This is the second post in a series of posts to the topic of BYOD. This time I will describe the configuration of my Unified WLAN controller, which replaced my MSM controller. I still have my MSM controller in place, but I need to get familiar with the Unified Controllers. As in the first posts, I will assume that you already configured all general settings on the controller to let him work in your network Currently, I did all my testing with the latest firmware version, which is:
version 5.20.109, Release 2507P14
Before we start, you should have configured at least on AP to test with. With this new firmware, it is also possible to auto deploy the AP, without configure it first. If there is the need, I can create a post on this new feature, which is very great when deploying large amounts of AP at one time.
With the unified controller, we will do the same setup as with the MSM controller, with one exception, all traffic will go through the controller. As the Unified controllers have a lot of bandwidth available, this could be one argument, choosing the unified controller, instead of a MSM controller.
The steps, to make the controller ready for BYOD are nearly the same as the ones we did with the MSM controller.
- we will create the necessary VLAN’s
- create the SSID
- set UAM as the radius server
Let’s start with the first point, we need to create the VLAN’s which are necessary to get the BYOD stuff working. I use the same VLAN’s as with the MSM controller, so I will not explain the function of each VLAN, but this can be found in the first post here.
Below is the configuration of the VLAN’s:
vlan 50 description BYOD_registration name BYOD_registration vlan 51 description BYOD_Guest name BYOD_Guest
For me, it is always important to have a description, because without I will lose the information, what the VLAN is used for. This description is also used to assign this VLAN to clients, so make sure, that the description is always the same. I use the IMC VLAN Manager for this task.
If you need the traffic to be routed and/or NATed on the controller, you also have to create the VLAN interfaces and create the necessary NAT settings. Also, you have to make sure, that the VLAN’s are permitted at the uplink to the rest of the network.

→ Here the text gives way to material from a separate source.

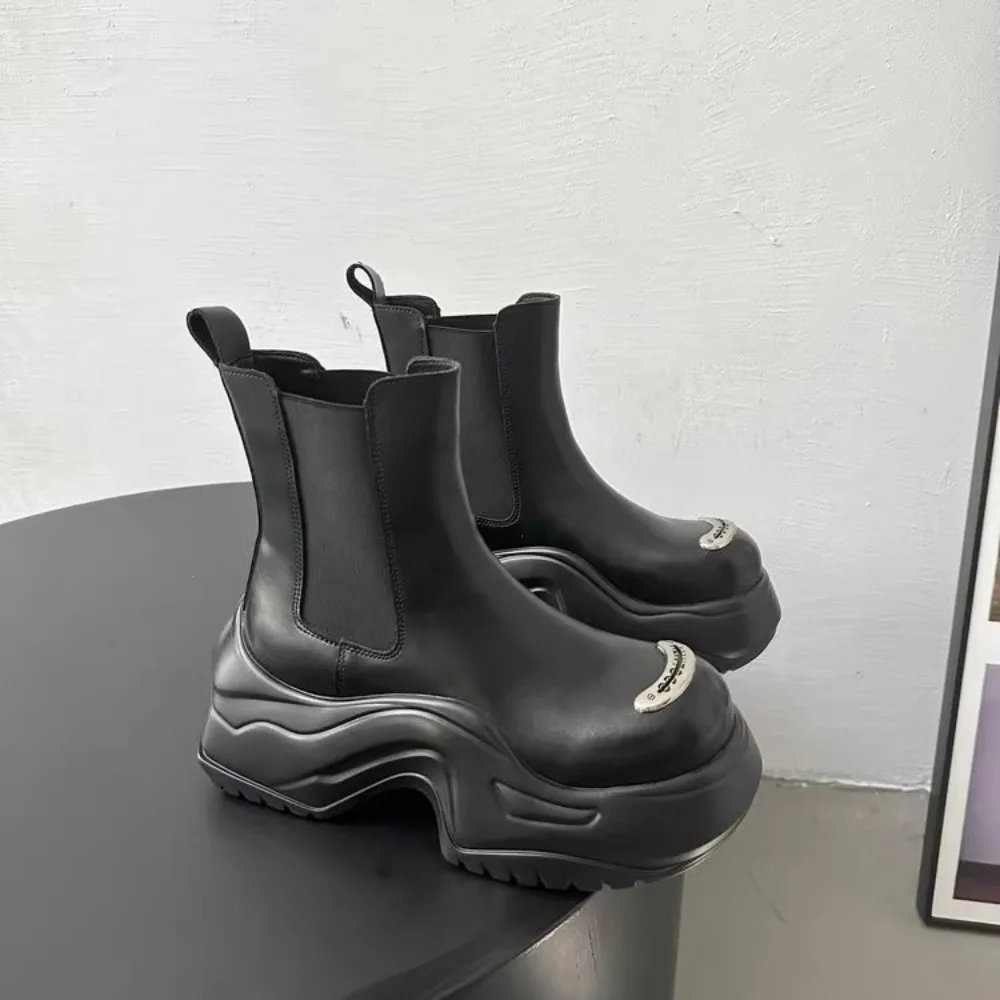 

Metal Designer Platform Boots for Women Autumn Winter Increase Cow Leather Shoes Ladies Fashion Casual Women's Ankle Boots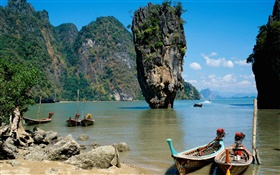 Thaïlande paysage, mer, côte, bateaux, falaise, rochers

The first step was quite easy. The next step, create the SSID, is also easy, but needs more steps. Before we start, creating the SSID, we need to create a radius scheme. This scheme has all information
radius scheme byod primary authentication 192.168.1.57 primary accounting 192.168.1.57 key authentication simple radius_key key accounting simple radius_key user-name-format without-domain
domain byod authentication lan-access radius-scheme byod authorization lan-access radius-scheme byod accounting lan-access radius-scheme byod access-limit disable state active idle-cut disable self-service-url disable domain system access-limit disable state active idle-cut disable self-service-url disable
All options, except the first three, are default. Later, we will use this domain with the SSID to send all authentication requests to the UAM server.
Next step, is to create the ESS interface for the SSID:
interface WLAN-ESS0 description BYOD port link-type hybrid undo port hybrid vlan 1 port hybrid vlan 50 to 51 untagged port hybrid pvid vlan 50 mac-vlan enable dot1x mandatory-domain byod port-security port-mode mac-authentication
I always use the description, to know, which SSID is bind to this ESS interface. The interface needs to be a hybrid port. On Comware, there are 3 ports types:
- access ports – ports, which allow only one untagged VLAN
- trunk ports – ports, which allow only one untagged VLAN and many tagged VLAN’s
- hybrid ports – ports which allow many untagged and tagged VLAN’s
As we will have clients, connected to VLAN 50 and 51 at the same time, the port needs to be a hybrid port. It will be always a hybrid port when clients in different untagged VLAN’s should be supported.
The default VLAN is VLAN 50, which is the registration VLAN and only if the user is already registered and authenticated, the user will be assigned to VLAN 51.
The next option is also mandatory, “mac-vlan”, as the MAC address is used to separate the user from each other and send the traffic in the correct VLAN.
With “dot1x mandatory-domain byod” we use the BYOD domain as the authentication domain and will not use the suffix, which could be provided by the user.
The last point will enable mac authentication on the interface. This is the same as with the MSM controller, mac authentication is used to authenticate the device, and the UAM portal will authenticate the user of the device.
When the ESS interface is created, we can finally create the SSID itself:
wlan service-template 1 clear ssid BYOD bind WLAN-ESS 0 service-template enable
In this case, the SSID is not encrypted, so it is necessary, to create a clear service template. With the first option, you set the name of the SSID. The second option binds the service template to the ESS interface, which was created before. The last option will enable the service template. If you need to change any option in the service template or on the ESS interface, you need to disable the service template first.
The last step would be to bind the service template on a radio:
wlan ap msm-460 model MSM460-WW id 1 description LAB-AP ap-name LAB-AP serial-id serial_id radio 1 service-template 1 radio enable radio 2 service-template 1 radio enable
On the CLI, you have to go to every AP and every radio to configure the service template. On the web GUI, this could be done for many AP’s at the same time. With the new version, which I am using, you can also do it on a group level. I will explain this, in another post.
After some seconds, you should see the SSID.